Fracionamento (Art. 1376.º)
O Artigo 1376.º trata do fracionamento, onde os prédios não podem ser divididos em partes pequenas se não tiverem a superfície mínima exigida, de forma a evitar conflitualidades. Em vez de acabar com o minifúndio, o legislador tolerou-o, mas deixou uma marca no Código que, ao longo do tempo, fará com que o minifúndio vá acabando (Artigo 1380.º - direito de preferência).
Limitações por Interesse Particular
As limitações por interesse particular surgem no âmbito das relações de vizinhança, que chegam a ser um foco de conflito (“se queres um inimigo, faz-te vizinho”).
Emissões (Art. 1346.º)
O Artigo 1346.º estabelece que o proprietário só deve poder reagir se a emissão lhe causar danos e, simultaneamente, não resultar da utilização normal do prédio, ou seja, a conjunção “ou” deve substituir-se por “e”. Quando causar prejuízos ao outro imóvel e não resultar da utilização normal do prédio (requisitos cumulativos), o vizinho pode opor-se.
Obras Perigosas (Art. 1347.º)
O Artigo 1347.º determina que o proprietário não pode construir ou manter obras, instalações ou depósitos de substâncias corrosivas ou perigosas.
Situações Específicas na Propriedade
Prolongamento de Edifício por Terreno Alheio (Art. 1343.º)

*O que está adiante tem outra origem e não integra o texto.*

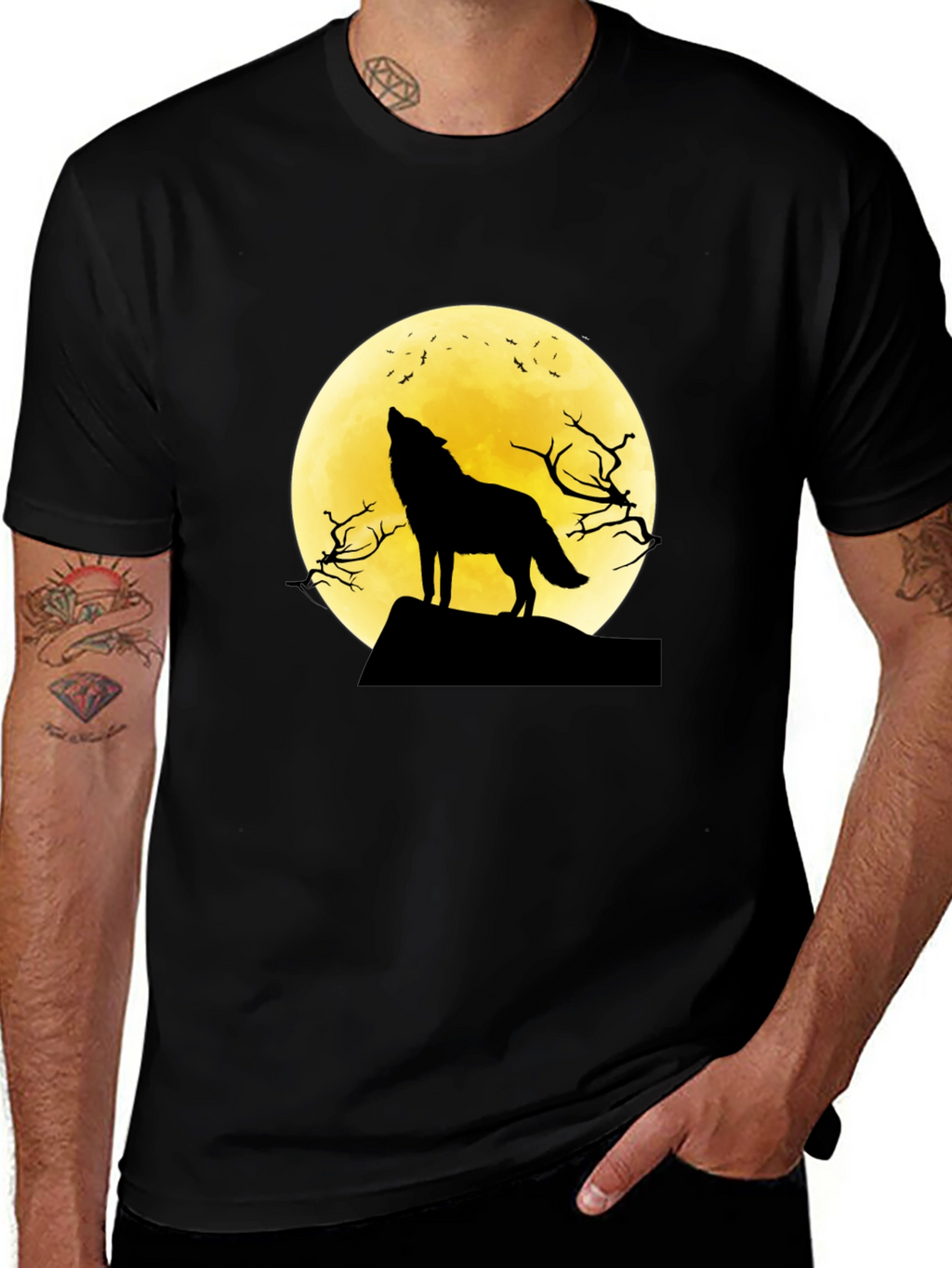 Wolf Moon Graphic Tee - Black T-Shirt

O Artigo 1343.º refere-se ao prolongamento de edifício por terreno alheio. O proprietário tem o prazo de 3 meses para reagir, exigindo a destruição. Se nada fizer nesse prazo, adquire o terreno ocupado, indemnizando o proprietário. Trata-se indubitavelmente de um direito potestativo.
Construtor de Má-fé (Art. 1341.º)
Pode dar-se o caso de o construtor estar de má-fé. O Artigo 1341.º prevê que o proprietário pode exigir que a obra seja desfeita – sanção reconstitutiva in natura – ou pode ficar com a obra, mas é obrigado a indemnizar segundo as regras do enriquecimento sem causa, o que significa que a despesa pode não ser paga na sua integridade.